INPUT MATERIAL:
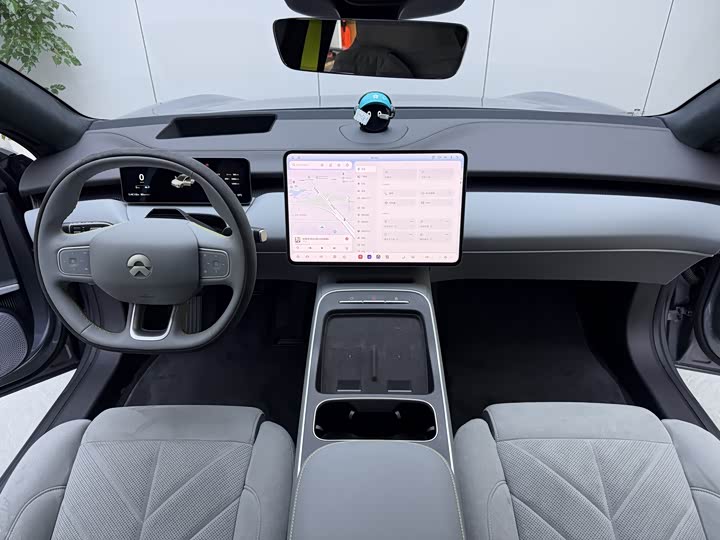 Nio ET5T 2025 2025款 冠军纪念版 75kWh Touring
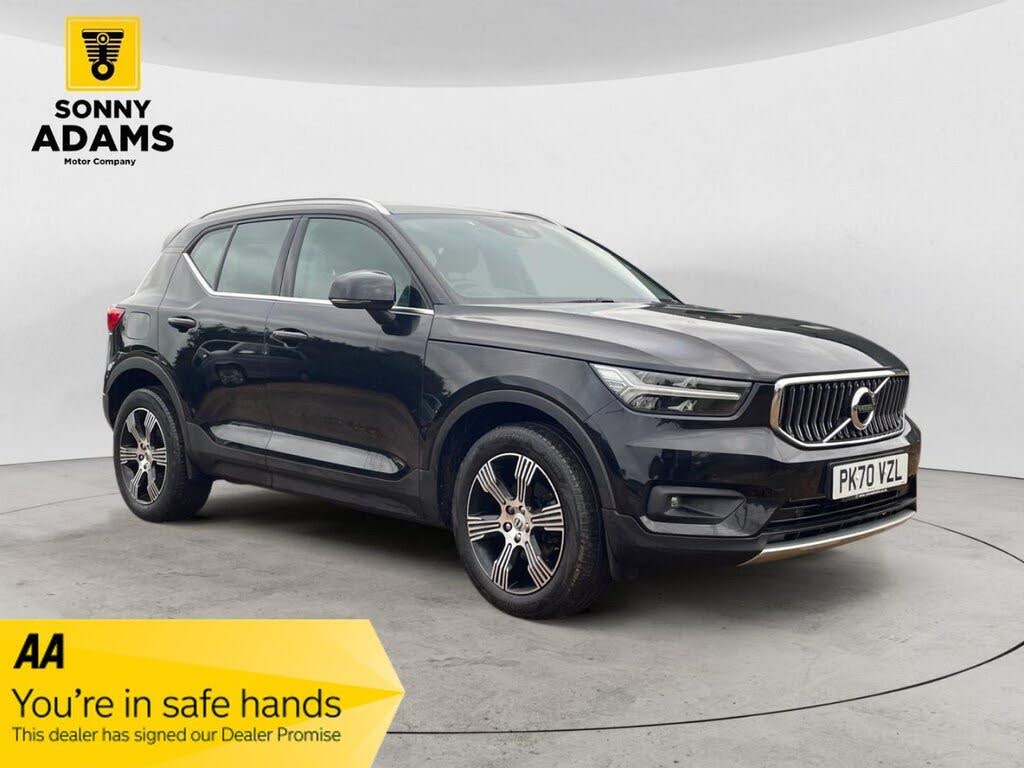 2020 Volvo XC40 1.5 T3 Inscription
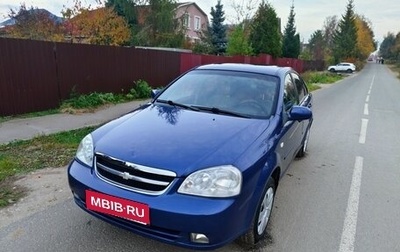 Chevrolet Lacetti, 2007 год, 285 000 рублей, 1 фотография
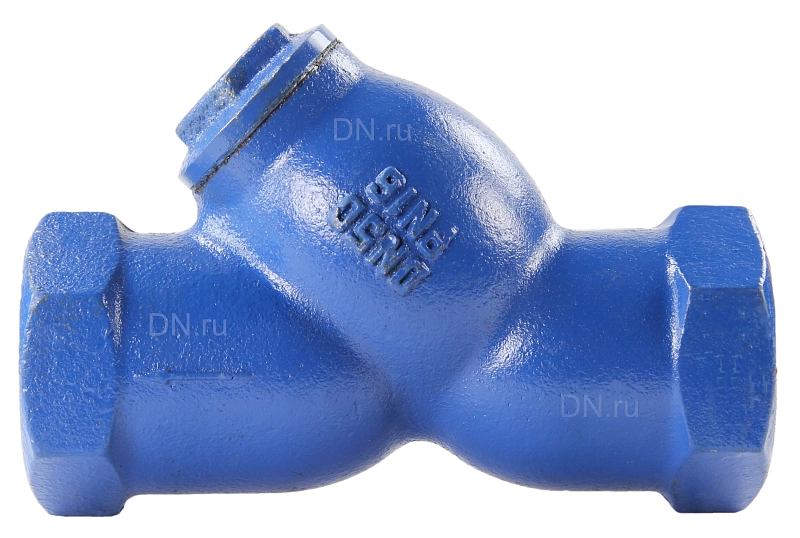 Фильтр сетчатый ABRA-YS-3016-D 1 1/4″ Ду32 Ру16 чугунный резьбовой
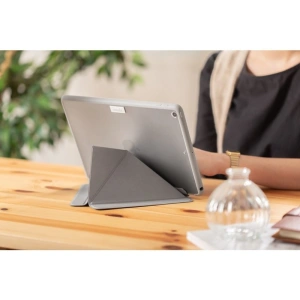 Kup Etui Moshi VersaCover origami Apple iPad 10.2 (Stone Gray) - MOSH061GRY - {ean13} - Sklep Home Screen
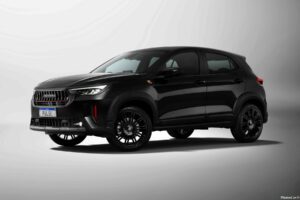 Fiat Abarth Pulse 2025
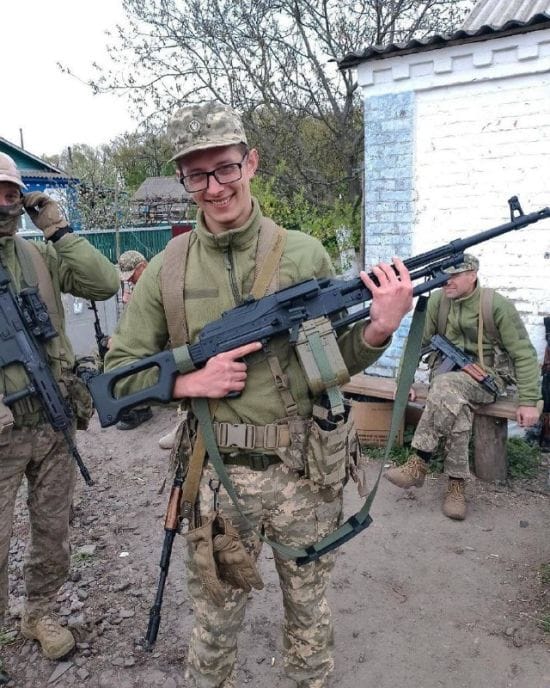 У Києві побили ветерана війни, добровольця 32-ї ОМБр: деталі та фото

WORK ORDER: Write out every record above exactly, leaving no picture in the result.

THE COMPLETED TASK:
 Nio ET5T 2025 2025款 冠军纪念版 75kWh Touring
 2020 Volvo XC40 1.5 T3 Inscription
 Chevrolet Lacetti, 2007 год, 285 000 рублей, 1 фотография
 Фильтр сетчатый ABRA-YS-3016-D 1 1/4″ Ду32 Ру16 чугунный резьбовой
 Kup Etui Moshi VersaCover origami Apple iPad 10.2 (Stone Gray) - MOSH061GRY - {ean13} - Sklep Home Screen
 Fiat Abarth Pulse 2025
 У Києві побили ветерана війни, добровольця 32-ї ОМБр: деталі та фото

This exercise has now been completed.